In an e-mail response to complaints by Pitts and others, St. Johns GOP chairman Bob Veit said he blocked the Paul supporters because "their often stated intentions were to wrest control of the Republican Party apparatus for the purpose of turning it into a campaign committee for either a particular candidate or a narrow political philosophy (Liberty Caucus) that had limited appeal to Republican voters."
This has not escaped Jim Greer's attention. It also may shed light on the importance of the new, broader loyalty oath that all rank-and-file party precinct committee members must sign. The outdated oath essentially barred Republican activists from supporting a Democrat. The new oath (included in the 2007 law that moved up the presidential primary date) adds a clause that outlaws activity that the party chairman might view as "likely to injure the name of the Republican Party or interfere with the activities of the Republican Party."

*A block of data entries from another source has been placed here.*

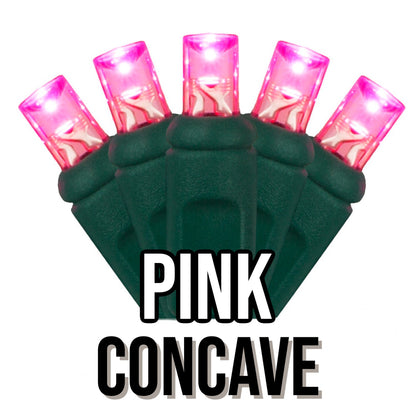 50-Light 5mm Concave Green Cord | 29 Colors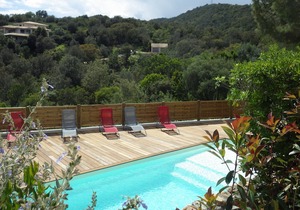 Faounzina villa n ° 1 for 2 people, barbecue terrace, shared swimming pool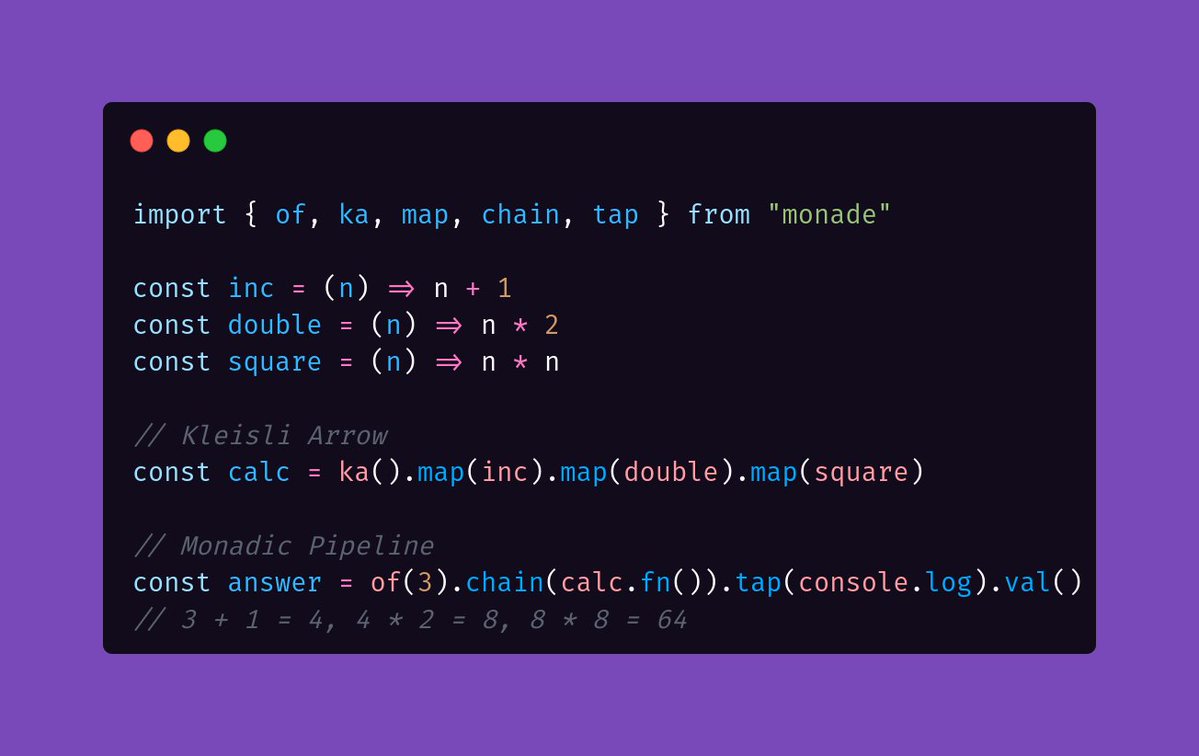 7/ #Monade makes the modular DB possible.

A language-agnostic primitive to compose data transformations with monadic pipelines — grounded in the mathematics of category theory🧮

Swap arrows to build multi-mode DBs: NoSQL, Relational, Vector &amp; more.

👉 docs.weavedb.dev/api/monade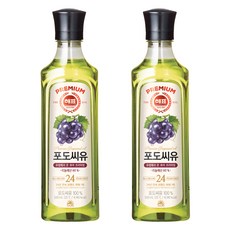 해표 포도씨유, 500ml, 2개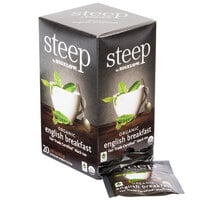Steep By Bigelow Organic English Breakfast Tea Bags - 20/Box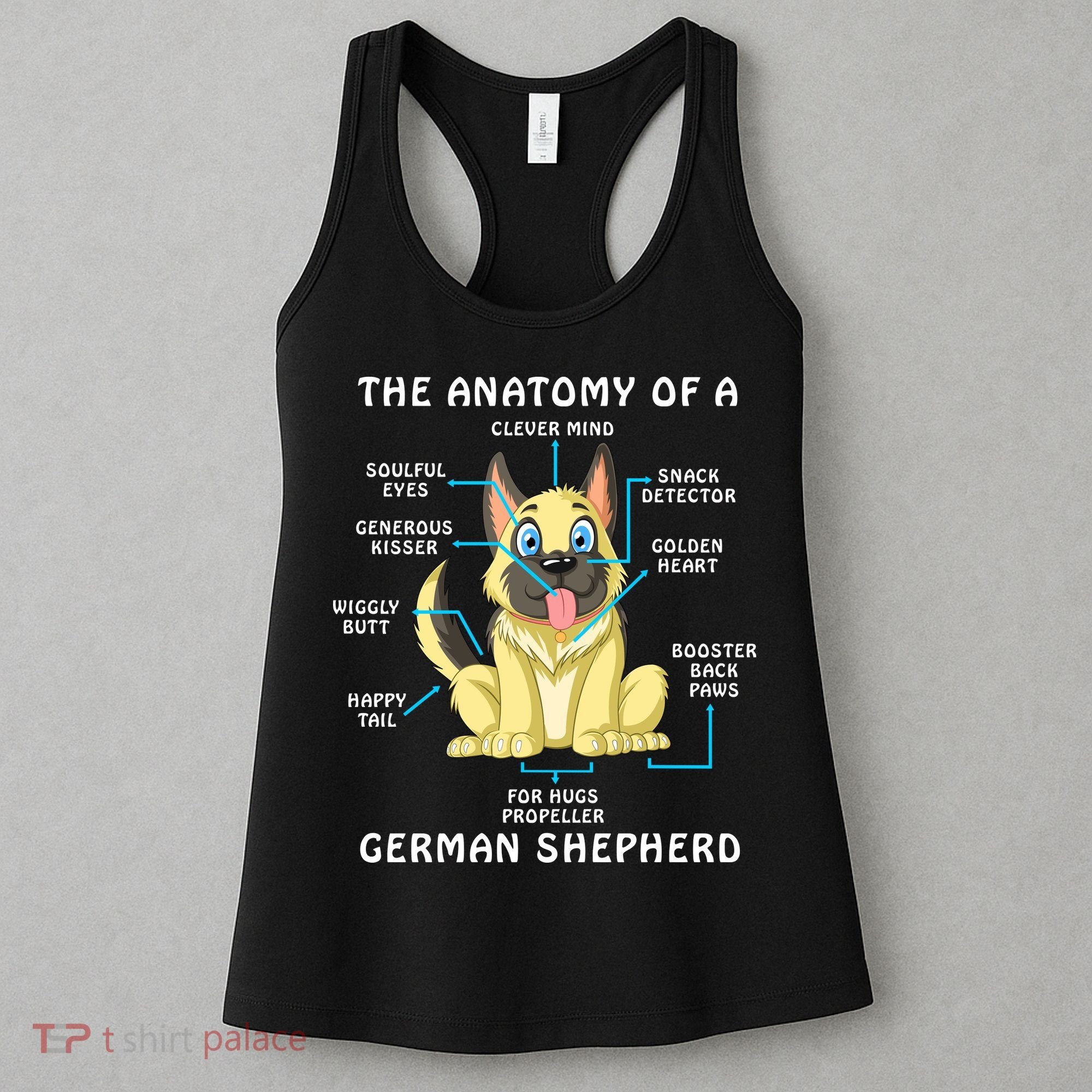 Anatomy Of German Shepherd Women's Tank Top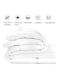 COMFY COTTON WHITE HOTEL QUALITY FIBER FILLED 180 X 200 X 10 CM MATTRESS TOPPER WITH BLACK PIPING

Greer said he remains committed to the "big tent" theory where everyone's welcome, but that he's torn between backing county GOP chairs who are at odds with activists pushing narrow agendas. "The only thing that I can't take is somebody who wants to burn the house down," Greer said. "No one segment of the party controls the outcome any more."
Greer's attorney, GOP interim general counsel Richard Coates, recently sent a memo to Kristi Bronson in the state Division of Elections, noting the importance of the new loyalty oath: "Party rules require that the individual has a party loyalty oath on file with the state party office," Coates wrote.